■ガンダムらしさが行方不明な『ガンダム・グシオン』

 最後は『機動戦士ガンダム 鉄血のオルフェンズ』に登場した「ガンダム・グシオン」だ。『鉄血のオルフェンズ』では、約300年前に起きた一大戦争・厄祭戦時に製造されたガンダム・フレーム採用型MSのことを「ガンダム」と呼ぶが、このガンダム・グシオンもその一機である。

 厄祭戦から時は流れ、高密度デブリ帯で発見されたガンダム・グシオンは、その宙域を縄張りにする宇宙海賊の手を転々とし、劇中では宇宙海賊「ブルワーズ」が保有するモビルスーツとして登場する。

 ブルワーズの手により、大幅な改修が行われたガンダム・グシオンは、超重装甲を施されたおかげで、とてもガンダムには見えないビジュアルに。二足歩行するカエルを思わせるグシオンの鈍重そうなフォルムを見て、ガンダムと言い当てるほうが難しいだろう。

 その後、鹵獲されたガンダム・グシオンは、タービンズによって「ガンダム・グシオンリベイク」として改修。
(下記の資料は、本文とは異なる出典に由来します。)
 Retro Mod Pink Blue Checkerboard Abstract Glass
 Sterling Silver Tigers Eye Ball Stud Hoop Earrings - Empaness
ガンダム・バルバトスルの予備装甲が流用されたことで一気にスリムになり、ガンダムらしいビジュアルに生まれ変わった。

 今回は、パッと見で「ガンダムか」「ガンダムじゃないのか」が分かりづらい、改修が施されたMSを中心に紹介したが、もちろんこれ以外にもガンダムなのか判断が難しいMSは数多く存在する。

 生まれた背景や設定を紐解きつつ、考察や議論が楽しめるのも『ガンダム』シリーズの大きな魅力ではないだろうか。